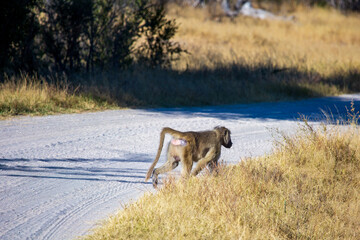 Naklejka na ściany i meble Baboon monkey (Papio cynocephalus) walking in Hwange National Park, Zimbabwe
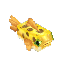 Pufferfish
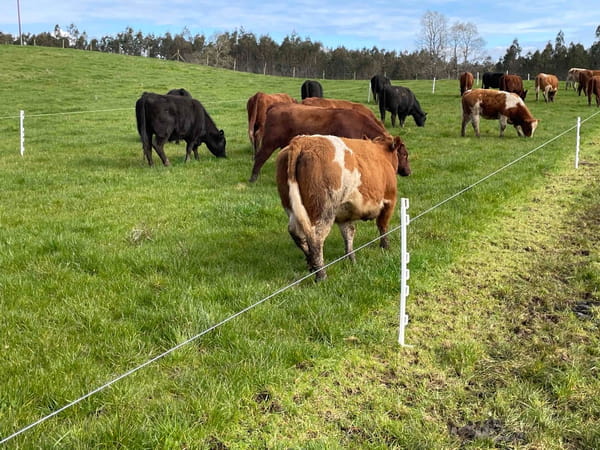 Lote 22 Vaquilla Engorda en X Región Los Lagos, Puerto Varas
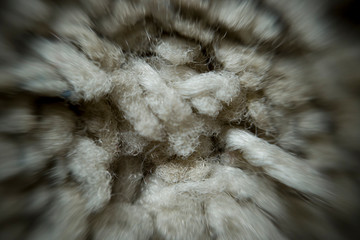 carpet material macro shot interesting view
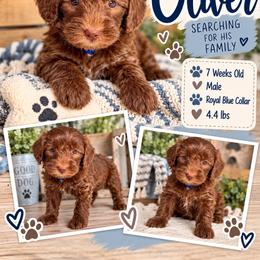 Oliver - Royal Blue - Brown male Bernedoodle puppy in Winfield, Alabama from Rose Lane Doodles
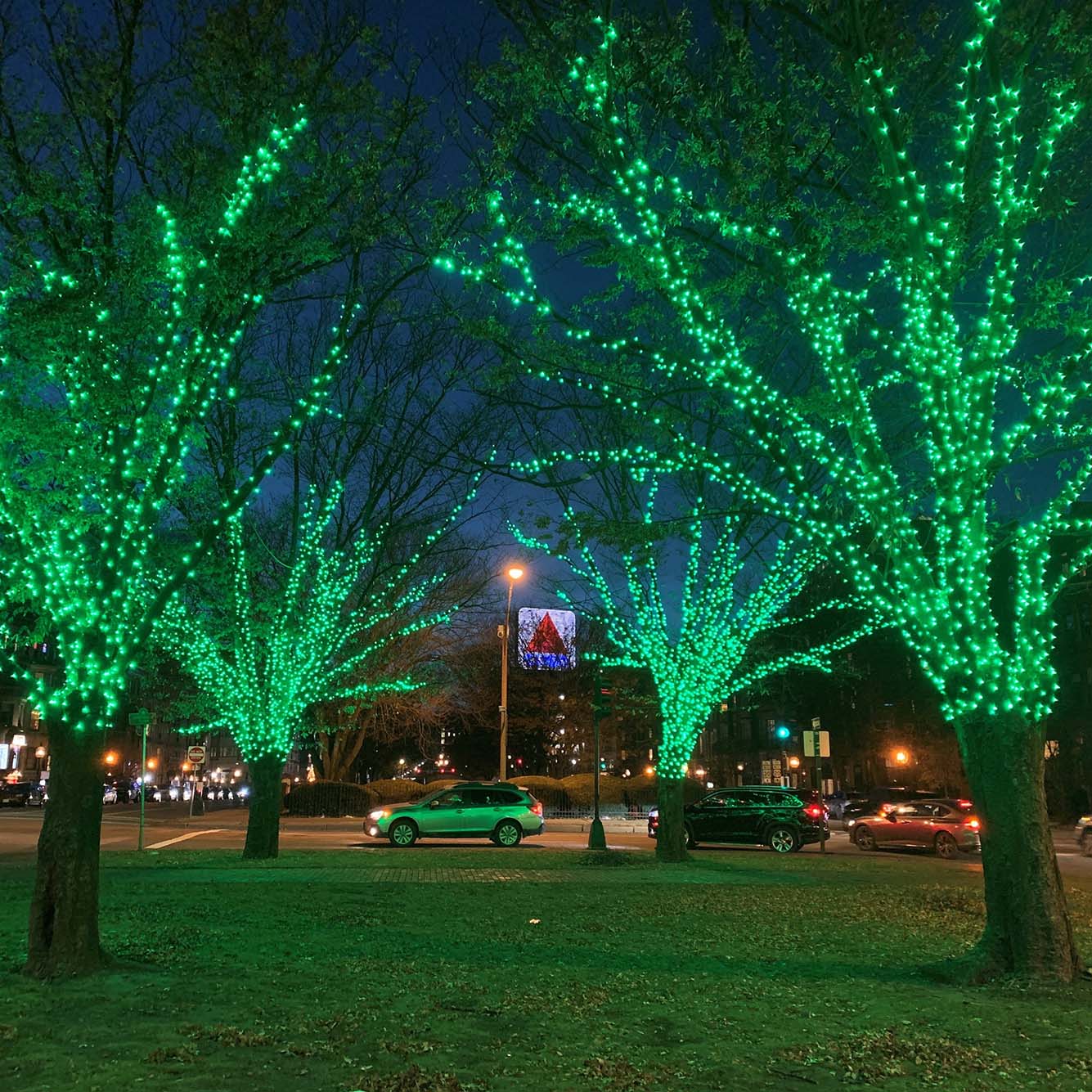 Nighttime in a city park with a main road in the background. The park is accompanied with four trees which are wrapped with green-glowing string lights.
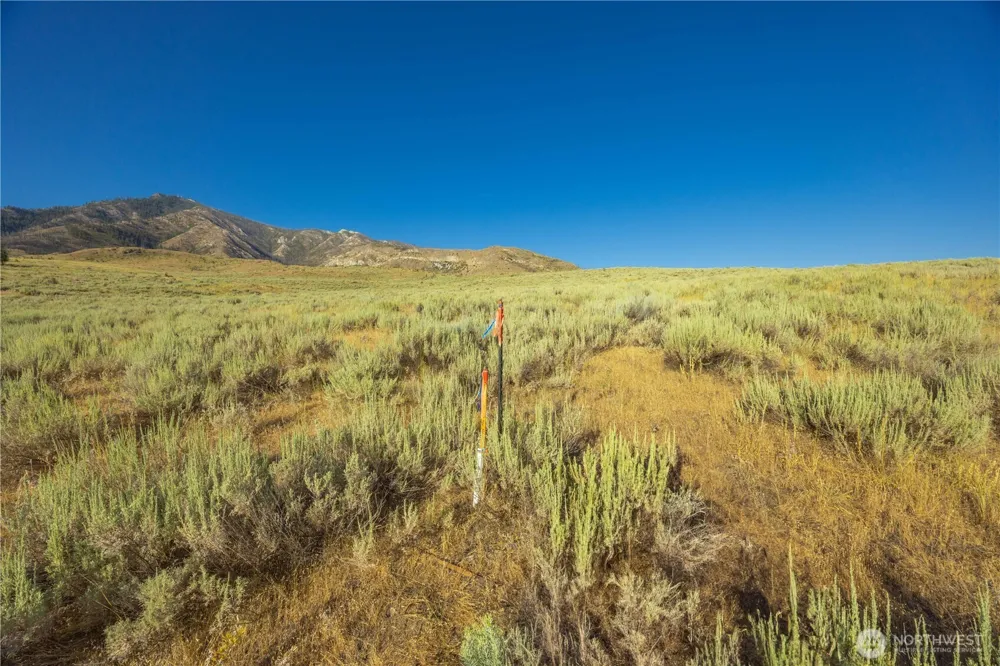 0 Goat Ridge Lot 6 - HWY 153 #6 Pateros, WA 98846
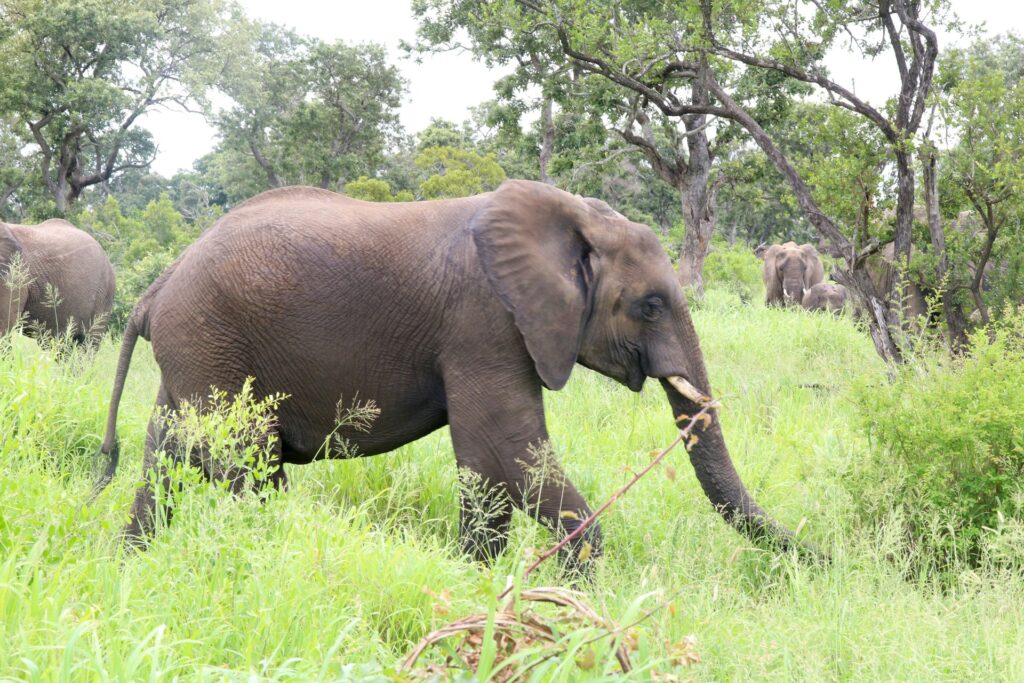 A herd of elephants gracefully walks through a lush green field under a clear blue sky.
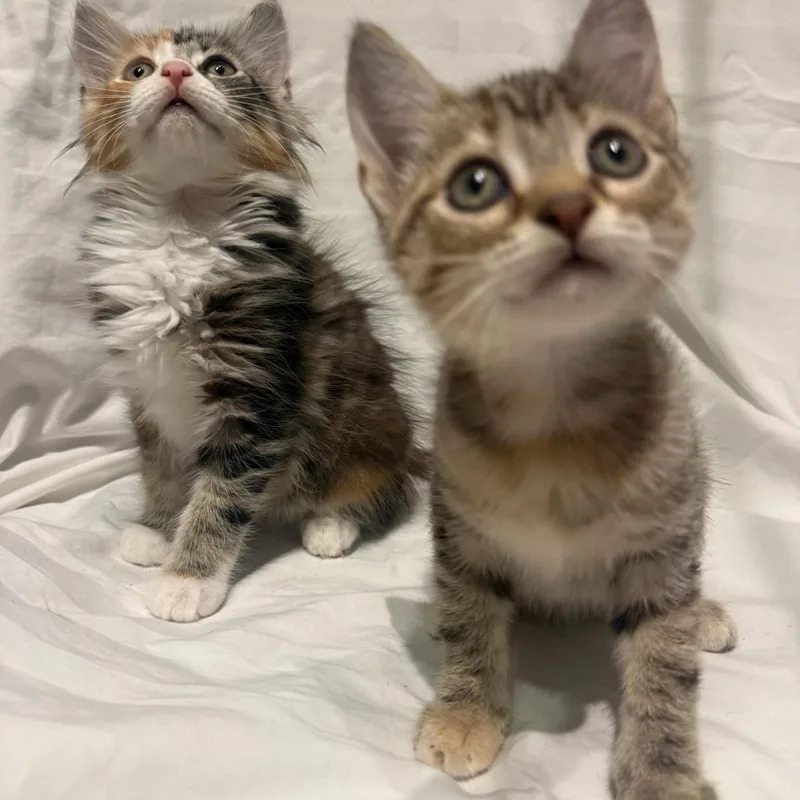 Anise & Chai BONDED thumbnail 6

################

When you reach a picture in the records above, pass over it and transcribe the rest exactly.

- [YOUR RESPONSE]:
 Naklejka na ściany i meble Baboon monkey (Papio cynocephalus) walking in Hwange National Park, Zimbabwe
 Pufferfish
 Lote 22 Vaquilla Engorda en X Región Los Lagos, Puerto Varas
 carpet material macro shot interesting view
 Oliver - Royal Blue - Brown male Bernedoodle puppy in Winfield, Alabama from Rose Lane Doodles
 Nighttime in a city park with a main road in the background. The park is accompanied with four trees which are wrapped with green-glowing string lights.
 0 Goat Ridge Lot 6 - HWY 153 #6 Pateros, WA 98846
 A herd of elephants gracefully walks through a lush green field under a clear blue sky.
 Anise & Chai BONDED thumbnail 6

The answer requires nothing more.